In conjunction with OMB, NIST and DHS, GSA determined during testing that an additional feature of the DNSSEC software was required to improve the overall security of the system.
The federal government will delay the implementation of Domain Name System Security Extensions (DNSSEC) in the .gov top-level domain by one month. The .gov domain, which includes the registry, the registrar and the .gov DNS servers, was supposed to have had DNSSEC cryptographic signing by the end of January to prevent hackers from exploiting DNS vulnerabilities.
The General Services Administration, which is the lead agency in securing the .gov top-level domain, announced the delay in conjunction with representatives from the Office of Management and Budget, the National Institute of Standards and Technology, and the Homeland Security Department. GSA officials said they had determined during testing that an additional feature of the DNSSEC software was required to improve the overall security of the system. They said they expect to deploy DNSSEC by the end of February.

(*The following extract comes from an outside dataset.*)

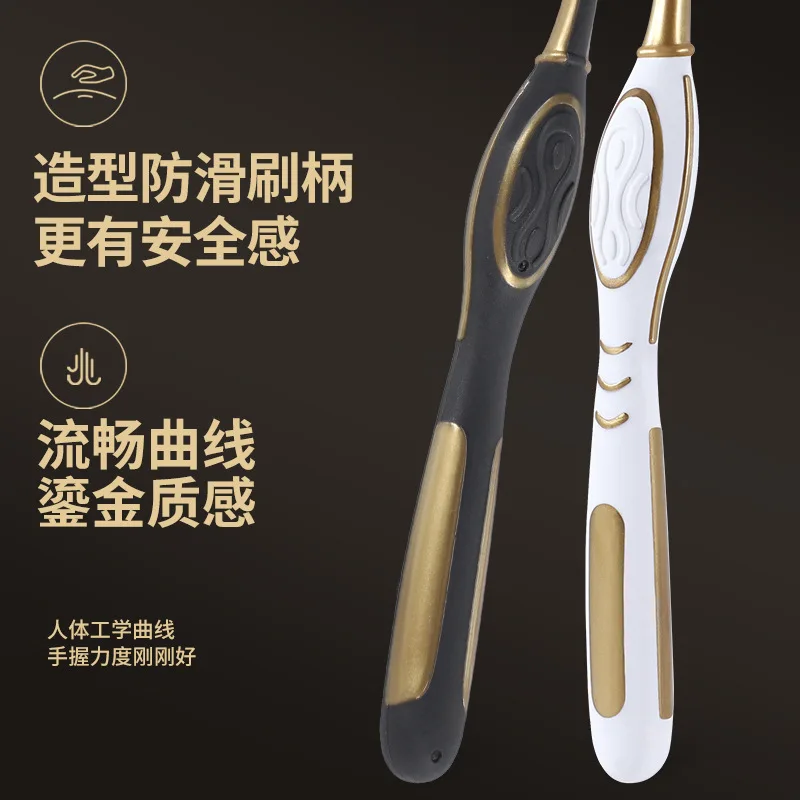 Soft-bristled filament wide-head toothbrush with high-density bristles for deep gum protection and cleaning for adults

The effort to implement DNSSEC on .gov domains was initiated by an Aug. 22, 2008, memo from OMB that required agencies to submit reports by September 2008 describing their current level of compliance with NIST’s DNSSEC standard and a plan detailing how the agency would implement DNSSEC by a December 2009 deadline.
The government was supposed to apply DNSSEC to the .gov top-level domain by January 2009 as a first step toward the signing of all delegated agency subzones, such as gsa.gov.
DNS is a fundamental element of the Internet and IP-based networks. It translates or matches domain names to numeric IP addresses that identify the physical machine hosting a Web site or application.
Because DNS has existed since the early days of the Internet, it was not designed with adequate security measures. As a result, security issues have dogged DNS implementations, including the major flaw Internet security researcher Dan Kaminsky discovered in July 2008. DNS security risks include cache poisoning, in which a user is redirected to a fraudulent Web site masquerading as a legitimate site, potentially tricking the person into providing personal information.
Security patches for DNS and technologies such as DNSSEC have been developed as add-ons to protect the system.
“DNSSEC provides cryptographic protections to DNS communication exchanges, thereby removing threats of DNS-based attacks and improving the overall integrity and authenticity of information processed over the Internet,” the OMB memo states.
Although DNSSEC has been around for about a decade, it has seen limited implementation. However, its necessity is quickly becoming obvious and is gaining worldwide attention. Network administrators are struggling to implement the cryptographic signing mechanism, which seems to be more cumbersome than expected, and are looking to software and hardware-based solutions for assistance.
Government officials said that although they missed the January deadline, they intend to meet the new February goal.